Creato il 20 luglio 2014 da Unarosaverde

Il mondo oggi appiccica. Ieri il suolo e i muri e le terrazze e le stanze bollivano, oggi sono avvolte da una cappa umida che le schiaccia e le lascia in attesa di un acquazzone che non arriva.

Il fine settimana passa ingolfato dalle molte cose che durante i giorni lavorativi trascuro però lentamente qualche passo sulla mia enorme lista delle cose da fare l’ho mosso e prima della fine del mese un’attività potrò cancellarla. Lo studio del pianoforte iniziato a settembre è andato bene fino ad inizio anno poi ha avuto un andamento molto altalenante: un singhiozzo di note. Non demordo: prima della fine dell’estate quel primo libro lo concludo.

La settimana invece è stata così zeppa di impegni – in parte affibbiati, in parte che mi sono cercata da sola – che poi mi sono serviti due pisoli da un’ora e mezza l’uno, ieri e oggi, per recuperare energia. I pisoli sono la mia oasi. Due giorni di corso a Milano, su un argomento denso che mi ha fatto venire voglia di lavorare bene, un concerto da cagnara e ritmo martedi, di cui ho già scritto, e uno più contenuto e soft venerdi sera, con Suzanne Vega a Sommacampagna, nel veronese, terra che offre un cartellone estivo interessante .  E così sto canticchiando Tom’s diner intervallandola con El Carretero. Americhe.

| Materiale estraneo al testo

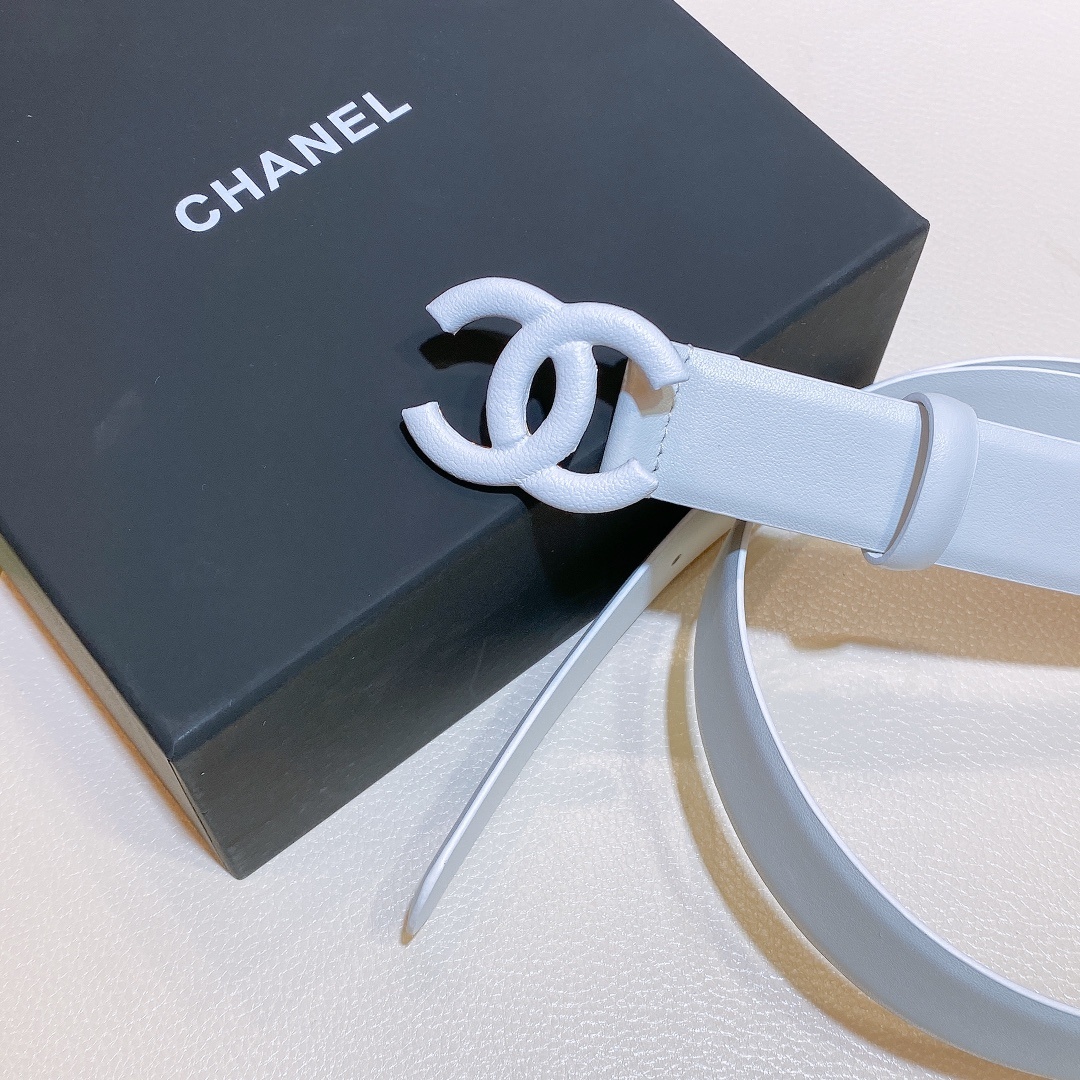 Chanel Belt With Double C Buckle White White-Toned Hardware Women Belt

Ho letto un libro pessimo, di Chiara Gamberale – grazie lo stesso a B. che me l’ha prestato, ma resto dell’idea che è meglio ogni tanto un capitolo delle Donne che corrono coi lupi, per tirarsi su l’autostima. Anzi, guarda: me lo metto in auto e una delle prossime sere te lo porto, insieme a “Puoi anche dire no”, che funziona come una ramazza coi sensi di colpa. Ho investito una piccola parte della liquidazione in uno scanner per libri con cui ho iniziato la seconda fase della digitalizzazione della carta della mia vita. Ho giocato con la macchina da cucire e fatto una fodera a quadrettini vichy di un pouf senza rendermi conto che ho preso male le misure (fare ingegneria sono stati soldi buttati), ma mi sono divertita lo stesso. Ho una stanza che sembra sempre di più quella di una bambina dell’asilo: tutta a quadrettini rosa e bianchi e verdi e bianchi, ancora tanti libri, qualche ammenicolo tecnologico, tanta roba per scrivere e quadri che mi sono stati regalati da amici che sanno dipingere a tenermi compagnia.  Oggi pensavo che sarebbe bello ogni tanto cambiare le stoffe e farle diventare a quadrettini blu e bianchi e azzurri e bianchi. Sempre asilo, comunque. É che a me i quadrettini e le righine piacciono: sono una delle poche eccezioni al monocromo che sopporto. Riconduco l’agitazione a forme geometriche ripetitive e ordinate cos’ mi riequilbrio e mi convinco che funziono. Centrata, vichy, non yoga.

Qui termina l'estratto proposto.